20. Déjà, tous attendaient l’issue prochaine du combat, déjà les adversaires opéraient leur concentration, rangeaient leur armée en ordre de bataille, disposaient les éléphants en un point favorable et la cavalerie sur les ailes de l’armée.

21. Judas Maccabée, observant les troupes en présence, la variété de leur armement et l’aspect féroce des éléphants, tendit les mains vers le ciel et invoqua le Seigneur, auteur de prodiges. Il savait bien, en effet, que la victoire ne résulte pas de la force des armes, mais que Dieu l’accorde, comme il le juge bon, à ceux qui en sont dignes.

22. Il prononça l’invocation suivante : « Au temps d’Ézékias, roi de Judée, toi, Maître, tu as envoyé ton ange, et il a exterminé jusqu’à cent quatre-vingt-cinq mille hommes de l’armée de Sennakérib.

23. Maintenant encore, ô Souverain des cieux, envoie un bon ange en avant de nous, pour semer terreur et effroi.

24. Que, par la force de ton bras, soient frappés de crainte ceux qui, en blasphémant, marchent contre ton peuple saint ! » Et il acheva sur ces mots.

25. Alors que les hommes de Nicanor s’avançaient au son des trompettes et des chants de guerre,

26. c’est avec des invocations et des prières que les hommes de Judas affrontèrent les ennemis.

27. Combattant de leurs mains, priant Dieu de tout leur cœur, ils abattirent au moins trente-cinq mille hommes et se réjouirent grandement de cette manifestation de Dieu.

28. L’action terminée, comme ils s’en retournaient dans la joie, ils reconnurent Nicanor, tombé avec toutes ses armes.

29. Au milieu des cris et du tumulte, ils se mirent à bénir le Seigneur souverain dans la langue de leurs pères.

30. Alors Judas, lui qui de tout son être, corps et âme, avait combattu au premier rang pour ses concitoyens, lui qui avait conservé pour les gens de sa nation l’affection de sa jeunesse, ordonna de trancher la tête de Nicanor et son bras jusqu’à l’épaule, et de les porter à Jérusalem.

31. Arrivé là, il convoqua les gens de sa nation, plaça les prêtres devant l’autel et envoya chercher les occupants de la citadelle.

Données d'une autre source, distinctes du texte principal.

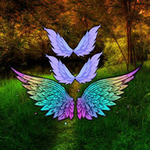 Enchanted Wings Jungle Escape Games2Rule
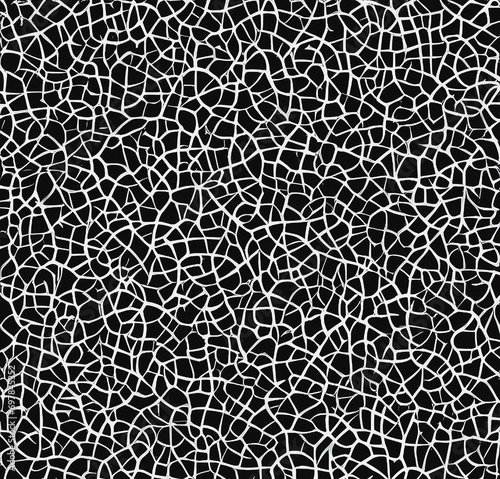 black and white background, abstract template, surface design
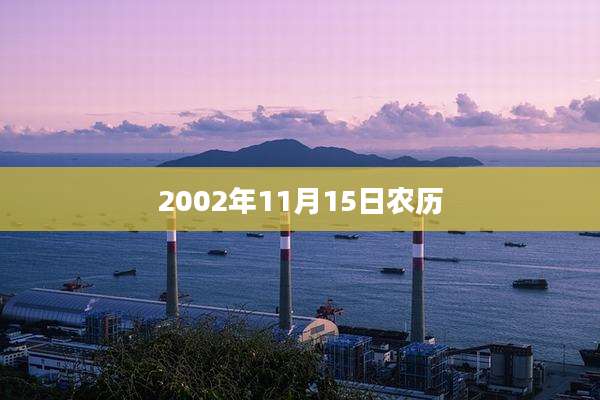 2002年11月15日农历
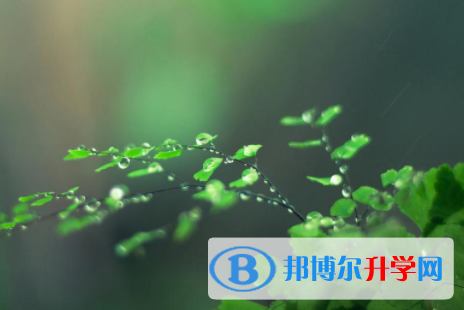 綿陽2021年中考報名服務平臺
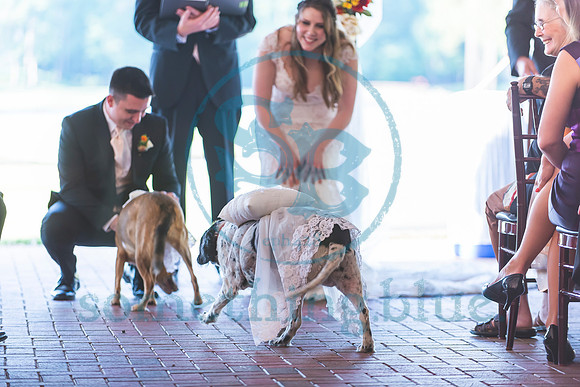 Stephanie & Pierce - Wedding.0893
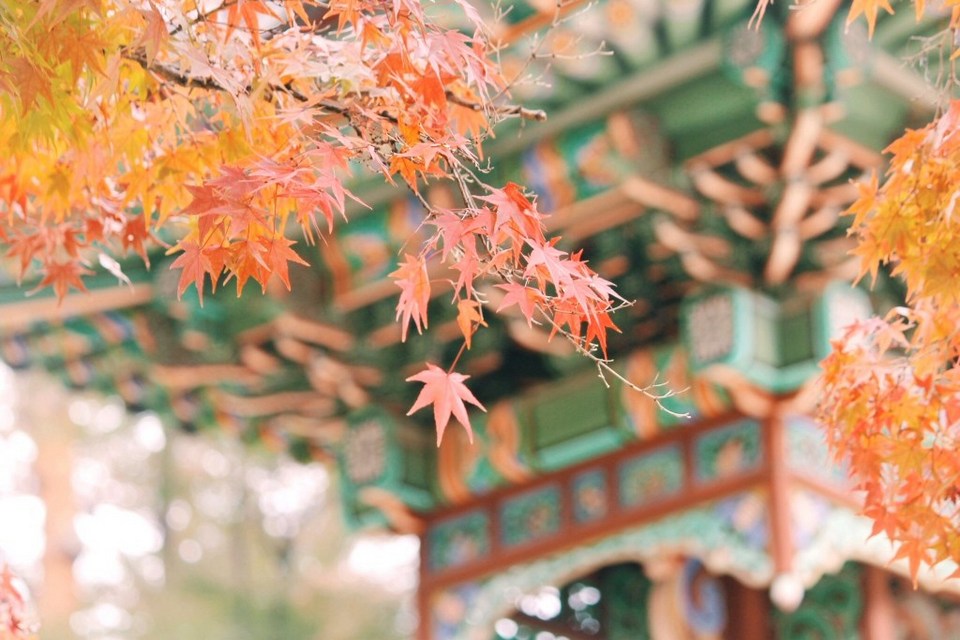 Changdeokgung Palace Autum Leaves in South Korea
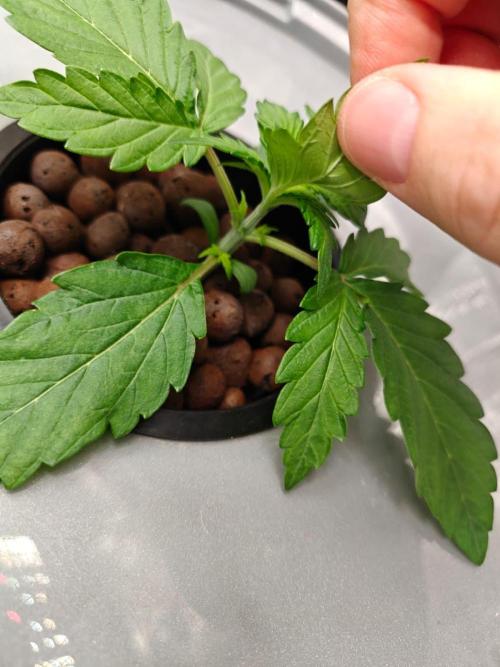 Stress Killer CBD Auto Royal Queen Seeds. Week 2 - Day 14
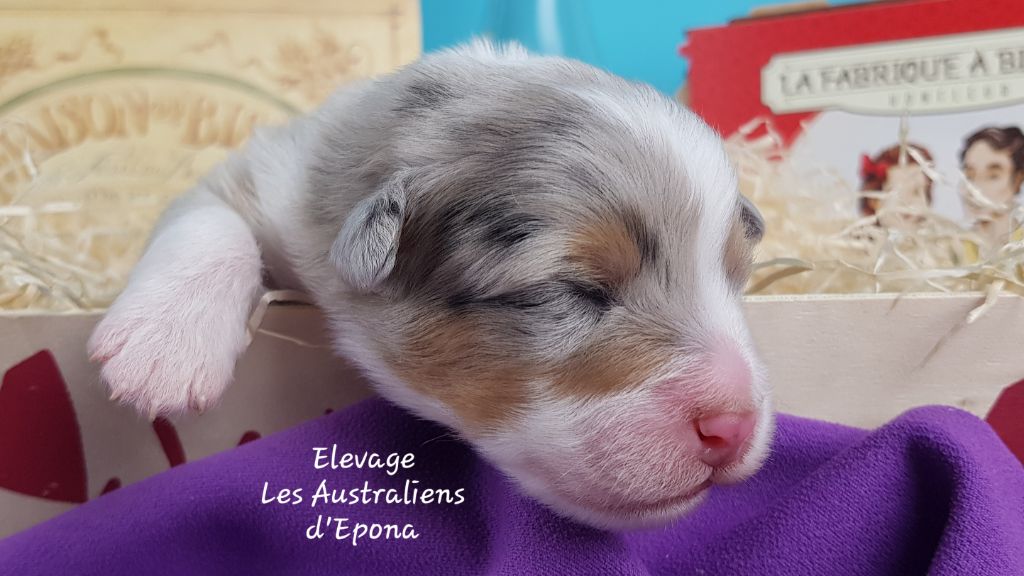 Des Australiens d'Epona - Chiot disponible  - Berger Australien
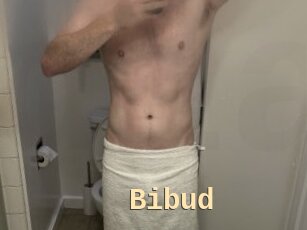 Bibud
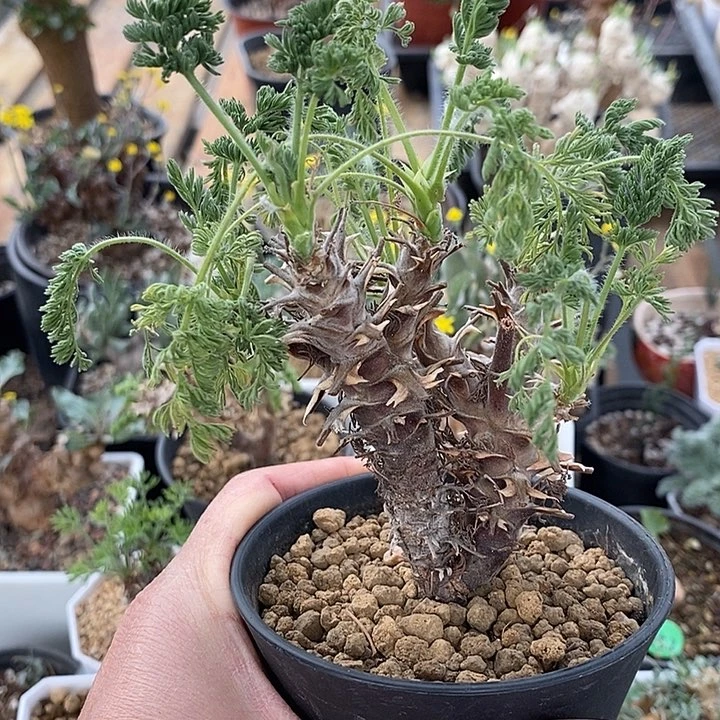 618出云洋葵带盆一一一一一一一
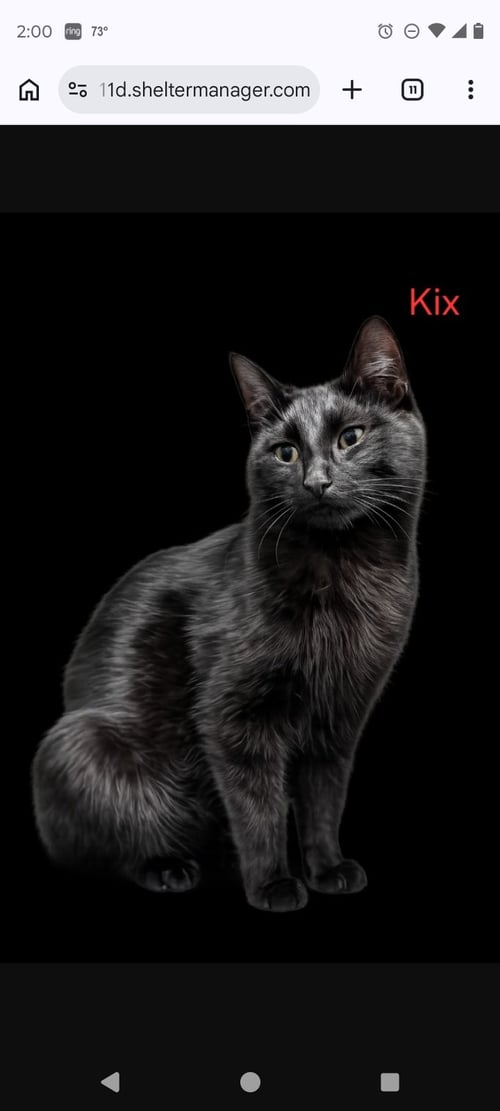 MAMA KIX - Domestic Short Hair available for adoption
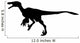 Velociraptor Deinonychus Silhouette Dinosaur Wall Decal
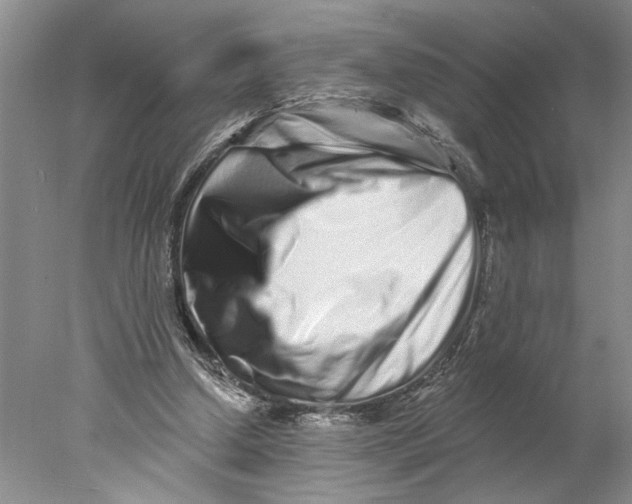 X0000077980250200611171736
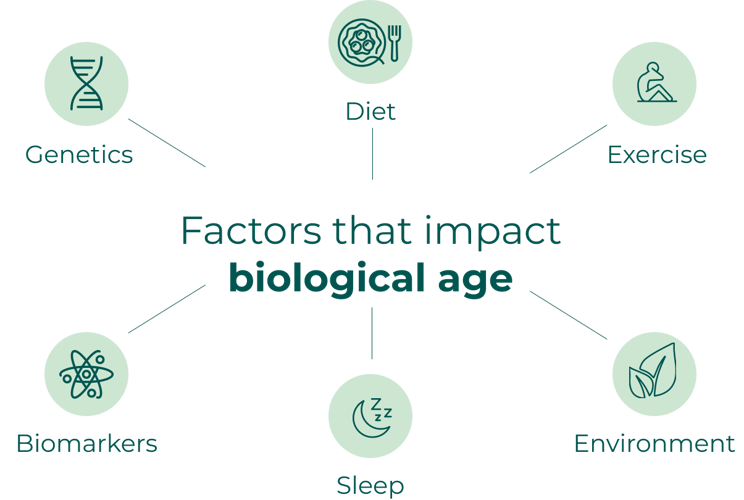 factors_biological_age factors_biological_age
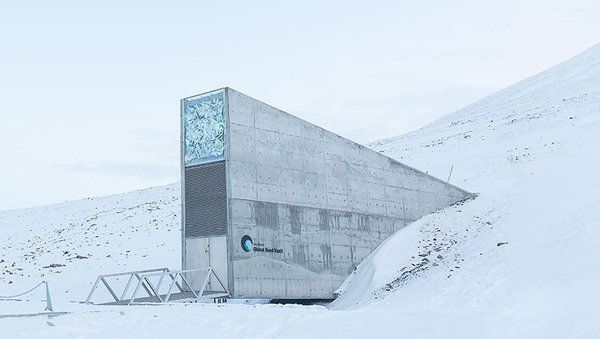 Всесвітнє сховище насіння вирішено удосконалити. На острові Шпіцберген, розташованому в Північному Льодовитому океані, в 2006 році було побудовано унікальну будову – світовий банк-сховище насіння.
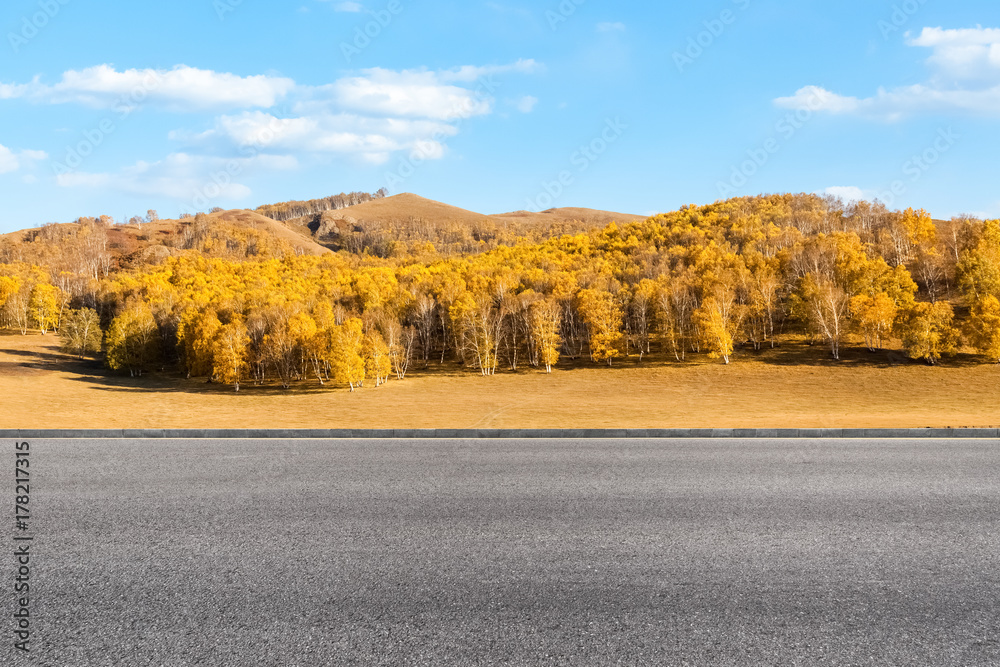 秋天的路背景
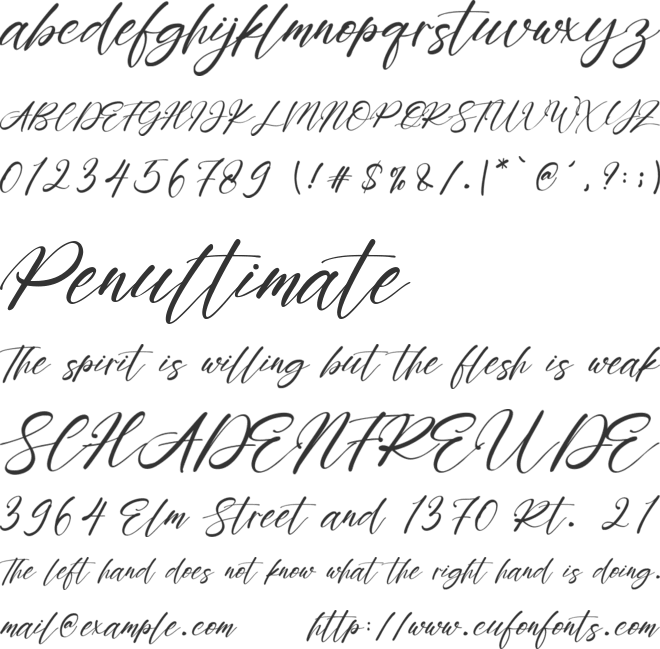 Rayanne font preview
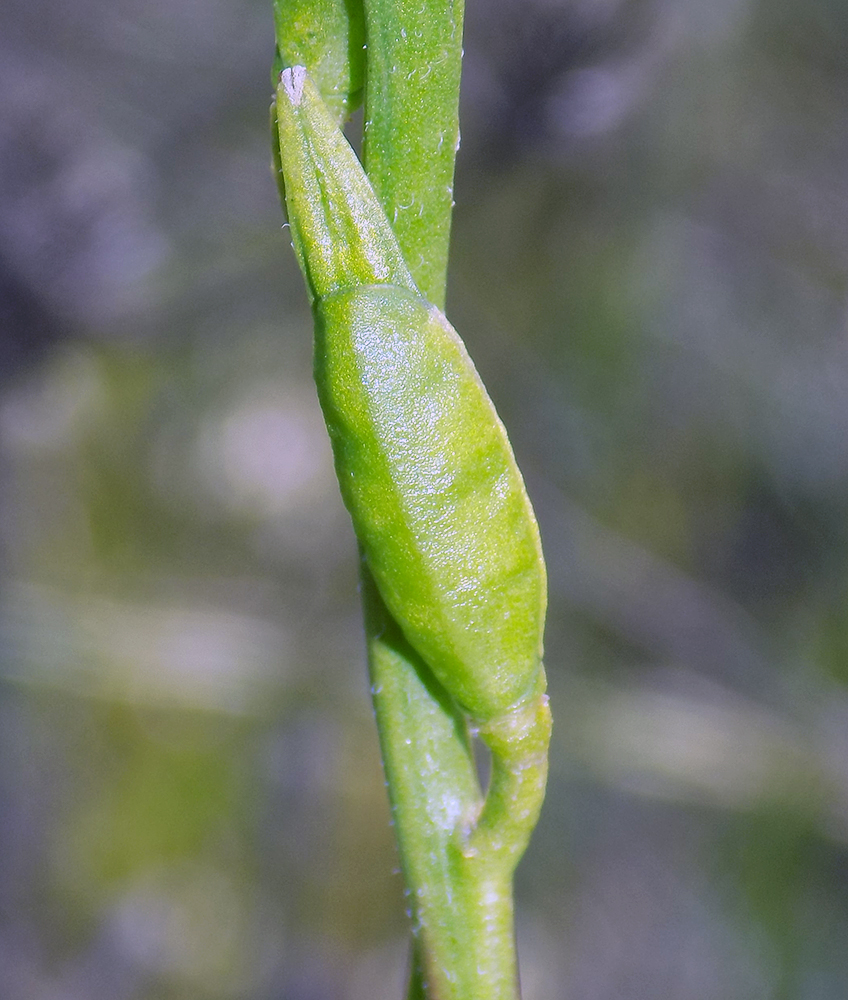 Image of Eruca sativa specimen.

32. Il exposa la tête de l’infâme Nicanor et la main que ce blasphémateur avait tendue avec insolence contre la sainte Maison du Tout-Puissant.

33. Puis, il coupa la langue de l’impie Nicanor avec l’ordre de la donner aux oiseaux, morceau par morceau, et de suspendre en face du Temple son bras, pour prix de sa folie.

34. Alors, tournés vers le ciel, tous bénirent le Seigneur qui s’était manifesté. Ils disaient : « Béni soit celui qui a préservé de la profanation son Lieu saint ! »

35. Judas accrocha la tête de Nicanor à l’extérieur de la citadelle, comme un signe manifeste et visible pour tous de l’aide du Seigneur.

36. Tous décrétèrent, par un vote public, de ne laisser nullement ce jour passer inaperçu, mais de le solenniser le treizième jour du douzième mois – le mois nommé Adar en araméen –, la veille du jour dit « de Mardochée ».

37. Ainsi se déroulèrent donc les événements concernant Nicanor. Puisque la ville est demeurée depuis ce temps en possession des Hébreux, je finirai également en ce point mon récit.

38. L’ouvrage est-il bien composé et réussi ? c’est ce que je voulais. Est-il au contraire faible et médiocre ? c’est tout ce que j’ai pu obtenir.

39. De fait, il est nuisible de ne boire que du vin, tout comme il est nuisible de ne boire que de l’eau, tandis que le vin mêlé à l’eau est agréable et procure une délicieuse jouissance. De la même façon, c’est la construction du récit qui charme les oreilles de ceux qui lisent l’ouvrage. En voici donc la fin.